**What the task requires:** Leave every image out, and print the remaining lines below exactly.

**Stored data:**

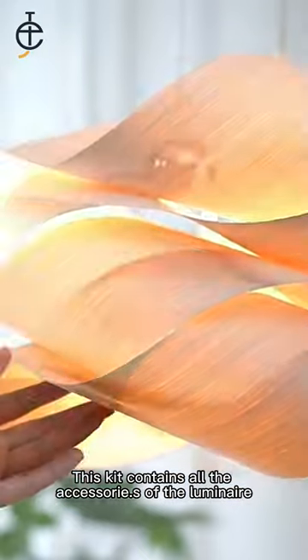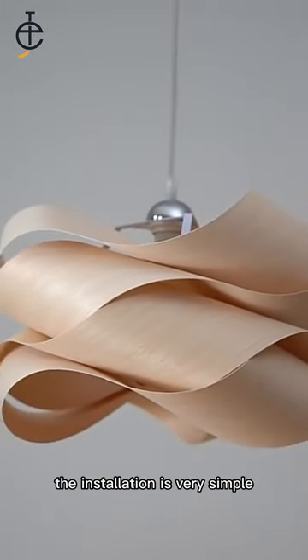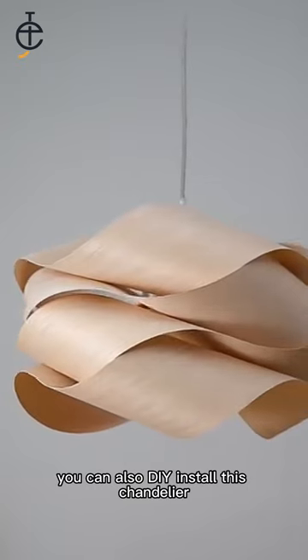This kit contains all the accessory parts of the luminaire. The installation is very simple — you can also DIY install this chandelier.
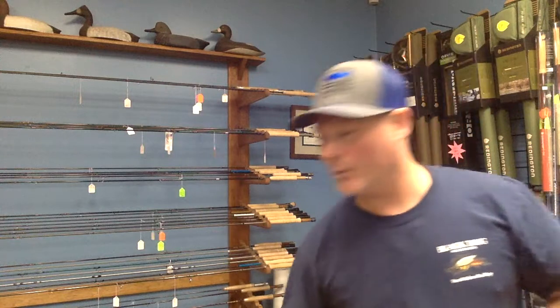If you want to test-cast any of these, come on in. We've got reels by Orvis and Lamson that are already set up and ready for you. Come on in, check them out at Black Dog Outdoor Sports. Keep your lines tight and shoot straight.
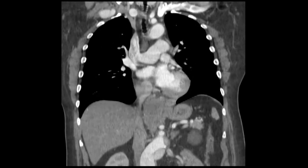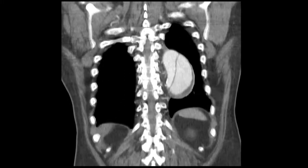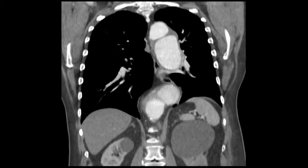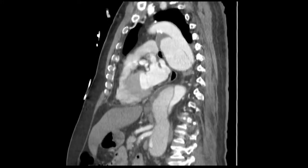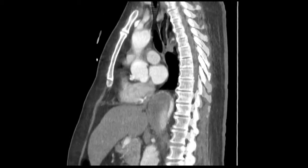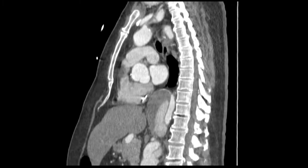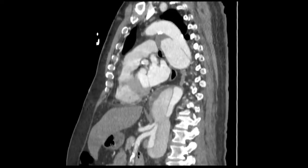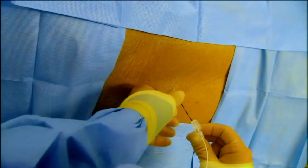Immediately adjacent to the subclavian, it looks fairly normal with a good landing zone. The dissection begins distally, and the celiac and the SMA come off the true lumen. The left renal artery was difficult to visualize. We opted to treat this patient; the preoperative plan was to preserve the left renal artery and place three thoracic endografts, sparing the visceral segment. Because of the extensive coverage anticipated, we placed an optimal spinal drain preoperatively.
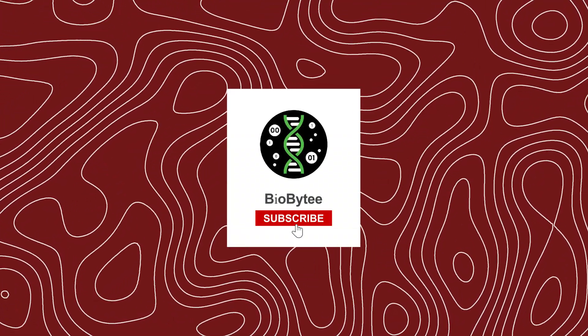Become a biter and join the BioBite tribe. Check out this other video on how spider silk reinvents arteries. See you guys next Wednesday.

**Result:**
This kit contains all the accessory parts of the luminaire. The installation is very simple — you can also DIY install this chandelier.
If you want to test-cast any of these, come on in. We've got reels by Orvis and Lamson that are already set up and ready for you. Come on in, check them out at Black Dog Outdoor Sports. Keep your lines tight and shoot straight.
Immediately adjacent to the subclavian, it looks fairly normal with a good landing zone. The dissection begins distally, and the celiac and the SMA come off the true lumen. The left renal artery was difficult to visualize. We opted to treat this patient; the preoperative plan was to preserve the left renal artery and place three thoracic endografts, sparing the visceral segment. Because of the extensive coverage anticipated, we placed an optimal spinal drain preoperatively.
Become a biter and join the BioBite tribe. Check out this other video on how spider silk reinvents arteries. See you guys next Wednesday.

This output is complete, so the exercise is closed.